MCV was solidly with the Administration’s plan to spend the $100 million on park infrastructure as a good down payment to reverse decades of not so benign neglect of our vitally needed, historic state park system. We also suggested that Baker steer some of the federal money from other categories he outlined, an additional $740 million in all, to our parks system. The parks and the agency that runs them, the Department of Conservation and Recreation (DCR), could absolutely benefit from spending on workforce development, cultural and tourism programs, broadband networks, as well as water, sewer, dam, and culvert improvements.

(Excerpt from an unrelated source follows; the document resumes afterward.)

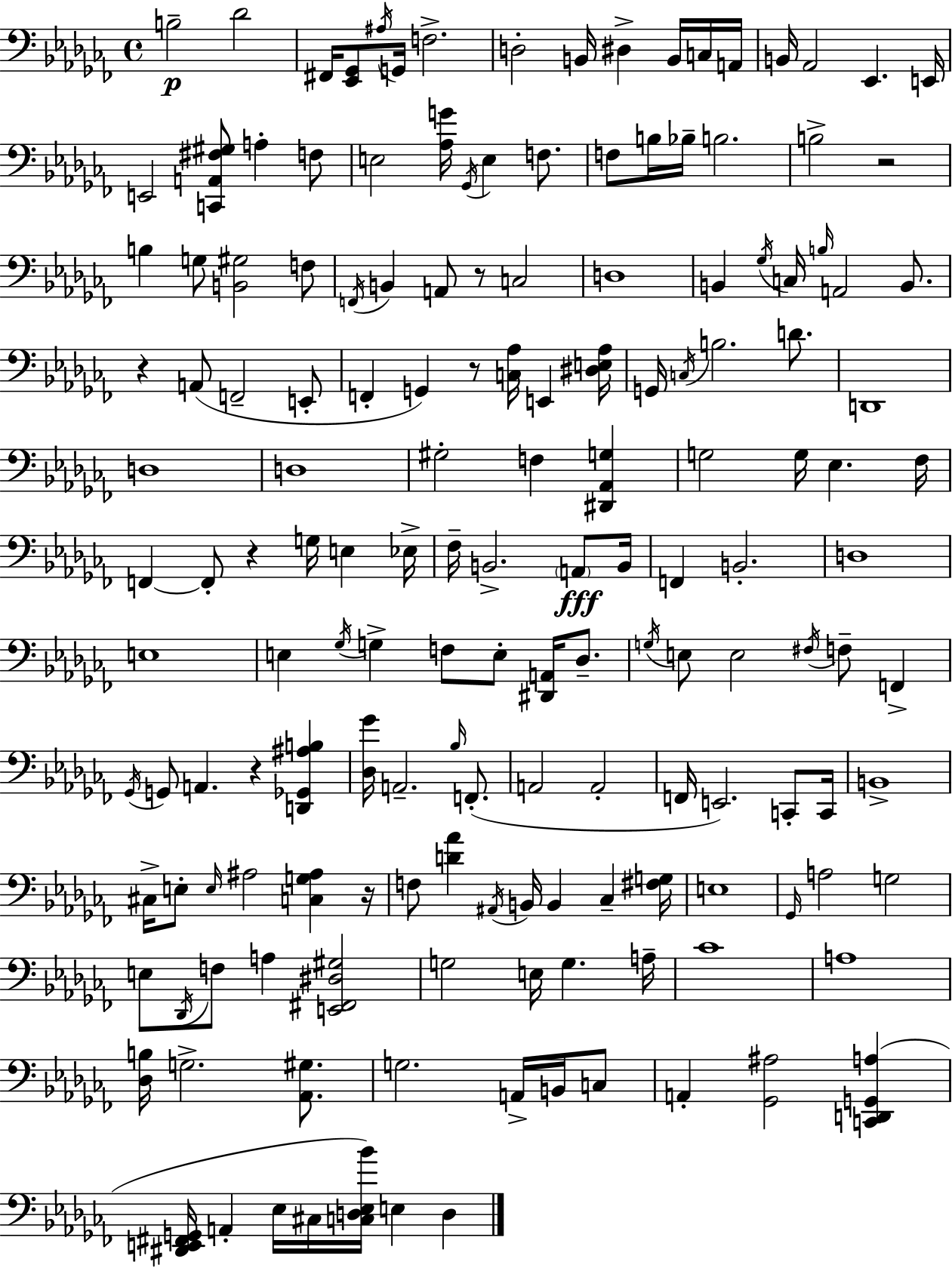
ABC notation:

Now that the Legislature has put itself squarely in the driver’s seat, we would urge lawmakers to work with the governor to spend this money wisely but quickly. The task of restoring our park system was urgent before the pandemic and is clearly more urgent now because the increased demand on DCR facilities the pandemic brought is not going away any time soon, if ever. Baker himself chided legislators to follow his lead on this, especially as it concerns underserved populations and regions of the state when he willingly signed the bill that put his initial plan into the round file.

Meanwhile, the Legislative Special Commission on DCR continues to meet. MCV hopes that as the Special Commission continues its deliberations, including evaluating public comments, that commissioners, the Legislature, and the Administration consider DCR’s vast holdings and responsibilities and take seriously the task of reversing the decades long process of the dismantling of our state park system.

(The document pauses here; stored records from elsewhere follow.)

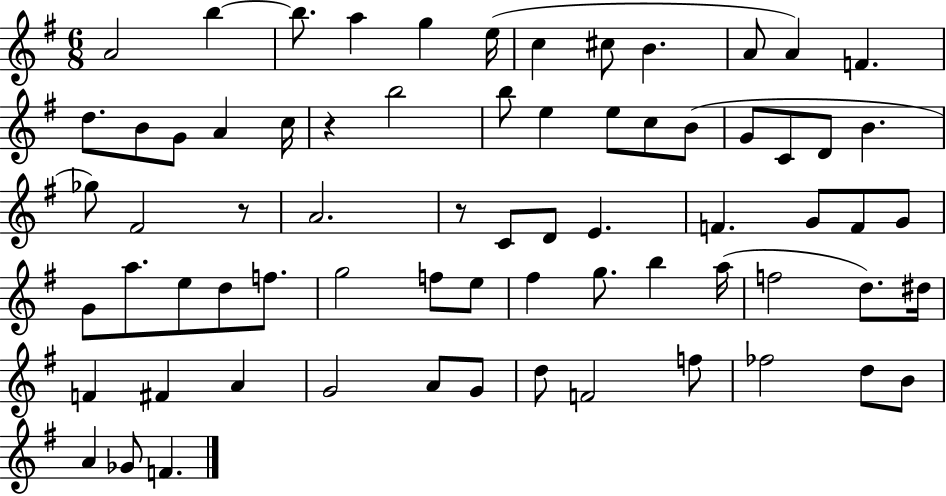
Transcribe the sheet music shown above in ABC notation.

X:1
T:Untitled
M:6/8
L:1/4
K:G
A2 b b/2 a g e/4 c ^c/2 B A/2 A F d/2 B/2 G/2 A c/4 z b2 b/2 e e/2 c/2 B/2 G/2 C/2 D/2 B _g/2 ^F2 z/2 A2 z/2 C/2 D/2 E F G/2 F/2 G/2 G/2 a/2 e/2 d/2 f/2 g2 f/2 e/2 ^f g/2 b a/4 f2 d/2 ^d/4 F ^F A G2 A/2 G/2 d/2 F2 f/2 _f2 d/2 B/2 A _G/2 F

Perhaps no other statistic tells that tale more than the fact that in FY 2020, even after a significant increase, the DCR Parks and Recreation Operations account (2810-0100) was still more than $3.0 million short of what DCR had to spend in FY 2009. The Great Recession and its aftermath also saw DCR’s staff shrink to an unacceptable level, from 1,279 full-time equivalents in 2008 to 892 FTE’s today.

Adding insult to injury, as operating funds disappeared, the Legislature and successive gubernatorial administrations put significantly more pressure on DCR to increase user fees and other charges related to leases, concessions, and other non-tax dollar income. So as operating funds shrank, the money the powers that be asked DCR to raise itself more than doubled. In FY 2009, DCR brought nearly $12 million into its Retained Revenue account. The FY 2022 budget, now in a legislative conference committee, will in all likelihood ask DCR to find $25.8 million in Retained Revenue.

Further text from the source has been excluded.